*What the task requires:*
Your job is to return every line in the data holding the string "That".

*Dataset excerpt:*

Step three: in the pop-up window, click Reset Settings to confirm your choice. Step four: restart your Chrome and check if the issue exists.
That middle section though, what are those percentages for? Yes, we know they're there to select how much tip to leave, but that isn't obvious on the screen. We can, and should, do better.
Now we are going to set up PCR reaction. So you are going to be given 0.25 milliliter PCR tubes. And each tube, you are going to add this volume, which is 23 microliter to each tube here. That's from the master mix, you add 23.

*Reply to the exercise:*
That middle section though, what are those percentages for? Yes, we know they're there to select how much tip to leave, but that isn't obvious on the screen. We can, and should, do better.
Now we are going to set up PCR reaction. So you are going to be given 0.25 milliliter PCR tubes. And each tube, you are going to add this volume, which is 23 microliter to each tube here. That's from the master mix, you add 23.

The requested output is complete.